Note, of course, that this can get fairly "exciting" in some cache-coherent
SMP systems.... and what has to be done depends a lot on the specific
cache design, which often varies among family members.  There are also
potentially weird cases if you use virtual caches and then permit
unconstrained multiple virtual-physical mappings (i.e., generating code
into a shared-memory arena).

5) In the simplest sequential implementation (fetch instruction 1 from
memory, decode it, execute it, fetch instr 2 .... etc) there is little or
no penalty for allowing the STC/MVC case above.

6) The more pipelined, and more low-level microparallelism you get,
the *less* you want to have self-modifying code, and the more it is
likely to cost you to support it.

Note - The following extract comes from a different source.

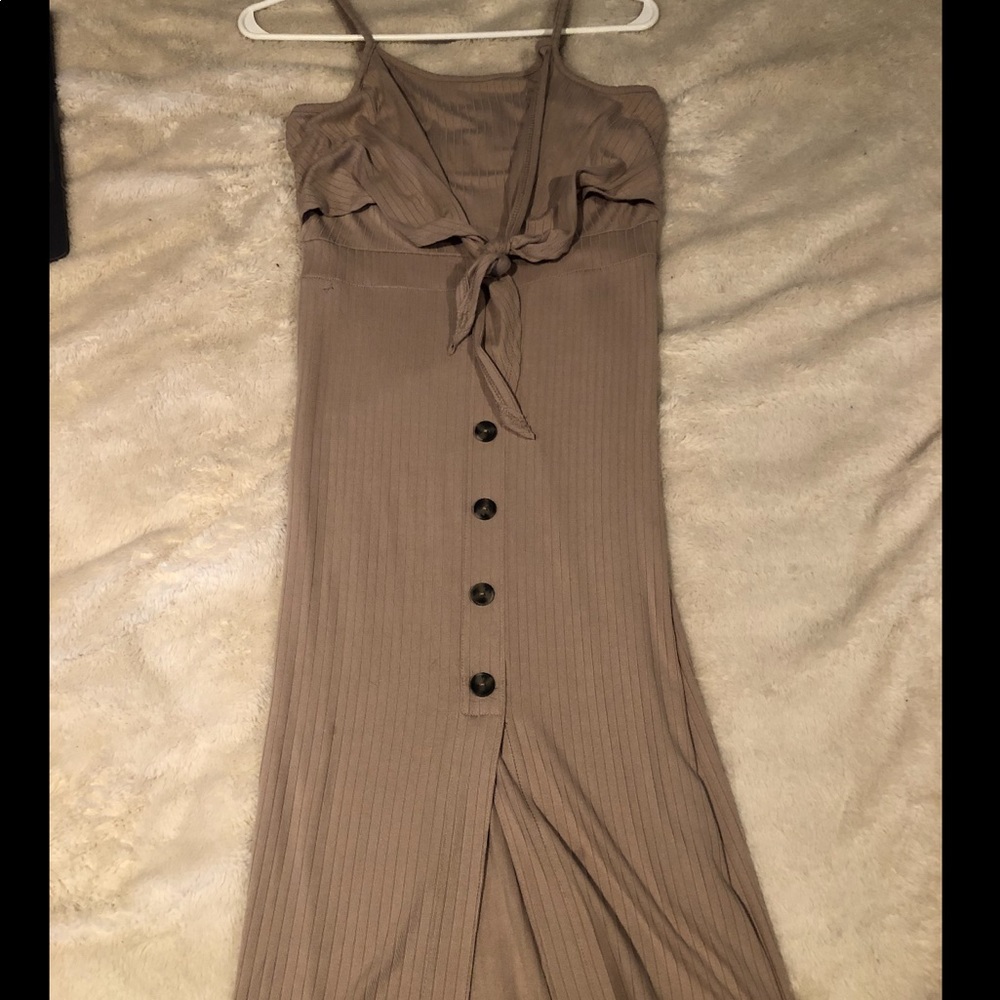 Tan spaghetti strap dress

So, in particular, any of the following
need to be worried about:

instruction pre-fetch buffers
decoded instruction caches [ugh, may have to flush big chunk: suppose
modifying instruction changes one instruction into two, which is quite
possible, although strange]
deeper pipelining
superscalar issue [consider that a 4-issue machine with a 4-deep pipeline
	often could have 16 instructions in progress]
dynamic (out of-order) issue (now you can be even further out, and have
	even executed instructions, not just issued them
multi-level branch prediction

I.E. ALL THE THINGS PEOPLE ARE DOING ARE BAD FOR SELF-MODIFYING CODE...
and in particular it is really unwise to expect that it will be generally fast
to generate/modify code in small increments on the implementations you're
likely to be seeing over these next few years.  There may be specific
cases that you can get away with ... but watch out.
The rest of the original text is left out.